Tennis fans from as far away as India and Japan were among the first through the gates on day one of Wimbledon.
Dedicated grand slam enthusiasts spent up to two nights camping outside the All England Club for a chance to grab premium tickets as the tournament begins.
First in line on Monday morning was Stuart Bere, 44, from Lincolnshire, the third time he has managed that feat since 2011.
The civil servant, who arrived at 5.30am on Saturday, praised the “well organised” queuing system and “happy” atmosphere among waiting fans.
“I don’t have to get a plane out of the country, you’ve got to drive, park up and you’ve got the tennis,” he said.
“This is the cheapest way of doing it.”
Mr Bere said he enjoyed meeting new people in the queue each year and praised the “great entertainment” on offer at Wimbledon, particularly on Centre Court.
“In the heat of a good match, it’s like a cauldron of joy or light, it’s really hard to describe, you have to be there,” he added.
Stood next to him, at second and third spot in the queue, were Neil Williams, 56, and his 26-year-old son Shaun, who set off at midnight on Friday from Barry, near Cardiff in Wales.
The pair, who have been visiting Wimbledon for a decade, have made friends from all over the world by being regular overnight campers.
Neil Williams said: “As the years have gone by, because we’ve made some good friends here, we see it as a week’s holiday.
“It’s almost now that a large part of it is catching up with friends.”
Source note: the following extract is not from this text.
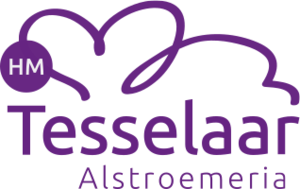 H.M. Tesselaar CS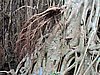 DSCN3544.JPG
He admitted that other friends think he is “mad” to spend two days queuing to watch tennis, but emphasised that Wimbledon was a special place.
“I love tennis and Wimbledon is the most iconic tournament in the world,” he added.
Also near the front of the queue was Abhishek Naik, 35, from Mumbai, who headed straight to Wimbledon after his flight landed at Heathrow Airport on Saturday.
“It’s just such a nice atmosphere,” he said.
“I met some incredible people talking about tennis.
“There was no alone time other than when you’re sleeping.”
Mr Naik said he had been waiting a long time for the opportunity to see Wimbledon’s famous grass courts.
“When they first gave us the queue cards I had goosebumps,” he added.
Twins Sue and Helen Love, 55, originally from Scotland, brought books, cards and even a portable DVD player to keep themselves amused in the queue since Saturday.
“Everybody is in good spirits, I think because of the weather,” said Sue.
The pair, heading to Number 2 Court to watch up-and-coming Greek player Stefanos Tsitsipas, are also big Andy Murray fans.
Helen Love said: “I don’t think he will make it back as a singles player, but he’s enjoying himself which is the main thing.”
Hibiki Manai, 25, from Okinawa in Japan, camped for two nights with his friend Sora Arathoon, 25, a British Japanese student in Belgium.
“To be honest, it’s not comfortable for me, but I think it’s a very good experience for me,” Mr Manai admitted.
Mr Arathoon, returning for his fourth year, said Wimbledon represented a “dream place” for tennis fans around the world.
Last year, a total of 473,169 people attended Wimbledon across the 13 days of the tournament.
The competition kicks off on Monday with Novak Djokovic beginning the defence of his men’s singles title on Centre Court from 1pm.